Whose stories do I write now?
One morning last week I was driving Gabe and Nora to school, last minute, as usual (they'd said they'd walk, ok, whatever). But it was raining and, sure I would. These days, how could I not?
They were talking about all the upcoming events: Nora's jazz concert, the high school coffee house, who would go to what, and reminders from the drivers’ seat that if you decide on this plan over the other you are going to need to find a kind family or friend to bring you home. Etcetera, etcetera; the trappings of teenage-hood. Me, a solid parent of teens now.

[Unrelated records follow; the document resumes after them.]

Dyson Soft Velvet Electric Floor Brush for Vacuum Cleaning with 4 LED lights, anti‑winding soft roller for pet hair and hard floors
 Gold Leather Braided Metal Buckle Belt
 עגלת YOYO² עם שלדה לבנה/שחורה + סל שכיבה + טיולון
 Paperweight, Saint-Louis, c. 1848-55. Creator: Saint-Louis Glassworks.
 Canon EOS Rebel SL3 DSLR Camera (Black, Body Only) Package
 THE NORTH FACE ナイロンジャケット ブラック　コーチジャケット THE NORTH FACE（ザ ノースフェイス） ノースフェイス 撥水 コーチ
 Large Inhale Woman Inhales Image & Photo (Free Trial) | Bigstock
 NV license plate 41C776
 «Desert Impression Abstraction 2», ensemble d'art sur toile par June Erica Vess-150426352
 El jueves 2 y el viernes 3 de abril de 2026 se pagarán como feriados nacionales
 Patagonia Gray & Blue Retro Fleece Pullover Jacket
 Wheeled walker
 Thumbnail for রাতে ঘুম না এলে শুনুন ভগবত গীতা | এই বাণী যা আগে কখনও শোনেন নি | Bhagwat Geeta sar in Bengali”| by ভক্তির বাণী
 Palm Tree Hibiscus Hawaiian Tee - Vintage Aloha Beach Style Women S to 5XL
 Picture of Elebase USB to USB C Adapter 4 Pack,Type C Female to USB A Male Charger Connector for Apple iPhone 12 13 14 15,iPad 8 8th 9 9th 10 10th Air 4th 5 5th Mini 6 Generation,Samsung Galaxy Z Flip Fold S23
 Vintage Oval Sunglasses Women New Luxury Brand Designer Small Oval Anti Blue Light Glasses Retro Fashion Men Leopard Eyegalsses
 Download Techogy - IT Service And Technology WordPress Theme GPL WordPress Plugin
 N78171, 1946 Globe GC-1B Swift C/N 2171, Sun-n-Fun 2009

I used to (and still do) observe these very people admiringly. They seemed so…cool. The teenagers themselves were interesting too I suppose - not for me to really know, a bewildered consumer of youth culture if anything. But I couldn't get enough of the parents. They'd go out to dinner whenever. They didn't know where their kids were exactly. I am that now, I thought, having somehow arrived without any thorough insights on how the journey took place. I just kept getting up and making them go to school. I just kept buying larger sneakers, and now I can’t tell, looking at them cluttering the mudroom floor, which shoes belong to which person.
Alongside this realization, I have been thinking about writing, too. About how their stories aren't really mine to tell anymore. It’s both a practical acknowledgment and (perhaps?) a big deal for someone like me, who has been writing their lives for so many years. Borrowing their experience for my own telling. And there are some stories I’ll keep telling anyway, forever - this is the earned privilege of being a mom I think - about how Gabe just got back from China, how the river cruise in Shanghai was his favorite day. And how Nora just ordered a bunch of prom dresses to try on.
But the rest is really their own, and I’ve realized over the past few weeks especially, as I sink into a new job and they go off on their own adventures, how much more calm I am when they are out and about. Like around town, sure, but also halfway across the world. It’s shocking but expected that what happens in life is - you get used to things.
Still, though, on mornings like that recent one when I have them trapped in the car for a few minutes, it’s hard to stop talking. You know, while I still have them. I have this compulsion to take those gifted moments of togetherness and try and impart all the wisdom I can. When what I know to be true - what the experts say - is that most teenagers (honestly most people) would prefer a quiet, steadfast role model type. There, mostly silent, to receive and not so much to give fast-paced coffee-fueled advice at 7:10 a.m.
I think when you see parents all obsessed, all abuzz about their children, it is, yes, sometimes, because of worry; because of fear that things will end up not the way you expected or wanted. And while I can understand that, I also think that for me, maybe for a lot of us, it has to do with being sure I provide all the lessons I can before they leave for that next thing that isn’t the confines of the family vehicle. Like that if I don't get in every bit of learned knowledge I have accrued in my own life, I won't ever get to tell them.
Which is, of course, nonsense. When my children go places, I'm still here and we are still us. The parental relationship doesn't dissolve (just look at all the advice I've received from my own mother in recent years, and I left home, well, some time ago). And also, they'll figure some of it out on their own. You know what, they’ll figure most of it out. Because, as I like to tell them (god do I love to tell them!) the learning is so often in the doing.
And so, finding myself here, I’m thinking about what I’ll tell you next, and I’m thinking about how to get better at letting the peaceful moments be. I’m thinking about how it’s a bit of a relief for children and parents to become just slightly irrelevant to each other, that this is the way it should be (like how it wasn’t cool when I tried to use “chopped” and how my kids love it when J and I go out for a drink, the house devoid of our ever-present parental energy).
It’s a challenging but peaceful endeavor, it feels like knowing you are doing the right thing. Me, so so talkative - my goodness! - trying to be a little bit more quiet.